Stability essential for cross-strait peace: academic

PRECONDITIONS Taipei and Beijing must engage in dialogue in order to build trust so that future agreements can be reached, a former Asia director of the NSC said


Cross-strait dialogue should focus on stabilizing relations between Taiwan and China by addressing the fundamental lack of trust between the two countries, former senior US director for Asian affairs at the National Security Council (NSC) Kenneth Lieberthal said yesterday morning, citing concern about the possibility of military conflict in the Taiwan Strait.

"The way to stabilize [relations] is to work on concrete issues, one after the other, and build up trust ? I think at the core remains an underlying issue of fundamental mistrust," Lieberthal said.

Lieberthal was quick to add, however, that the agreement would have to be forged by Taiwan and China, saying that the US could only act to encourage the process. He also said the US would not "simply drop the TRA [Taiwan Relations Act] if an interim agreement were put into force, indicating that the US would not withhold arms sales to Taiwan under those circumstances.

Lieberthal elaborated on the role that the international community could play in the process.

Lieberthal pointed to the international community's role in ensuring that commitments made by both sides of the Strait are credible.

"Taipei may need all major countries to take the matter seriously [if Beijing uses force]. Beijing may require that Taiwan promise not to declare independence during [the negotiation] period, and all countries would cut ties with Taiwan if it does this," he said.

Lieberthal, currently a visiting fellow at the Brookings Institution, was the keynote speaker at a conference on grassroots democracy and local government in China during the reform era.
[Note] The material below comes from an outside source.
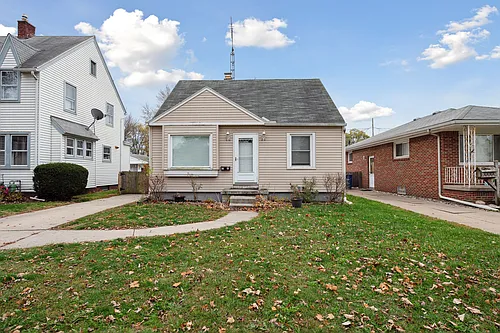 35 W Capistrano Ave Photo 1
The conference was organized by the Mainland Affairs Council (MAC), National Chengchi University, and the Chinese Association of Political Science.

MAC Chairman Joseph Wu (吳釗燮) also compared President Chen Shui-bian's (陳水扁) "peace and stability framework" with the concept of an "interim agreement," saying yesterday that its conceptual framework was similar to that of Lieberthal's proposal.

In a recent editorial in the Washington Post in April, Lieber-thal and co-author David Lampton, a China Studies professor at Johns Hopkins University, referred to the establishment of a "stability framework," but made no mention of an "interim agreement."

However, the editorial did point out that an agreement on the principles of the stability framework must be approved by the US, China and Taiwan.

In China's May 17 statement, the Office for Taiwan Affairs also re-ferred to a "framework for peace-ful, stable and growing cross-strait relations."

Lieberthal also explained that his proposal for an "interim agreement" -- introduced over seven years ago -- had not taken unification as the ultimate goal, as had been widely reported by the media at the time.

"[The proposal] was totally misreported in Taiwan. It is absolutely not what I had proposed. An interim agreement for 50 years, and at the end of 50 years, there is a start of discussions about the final status," Lieberthal said, re-ferring to a proposal he had made in February 1998 in a paper on cross-strait relations.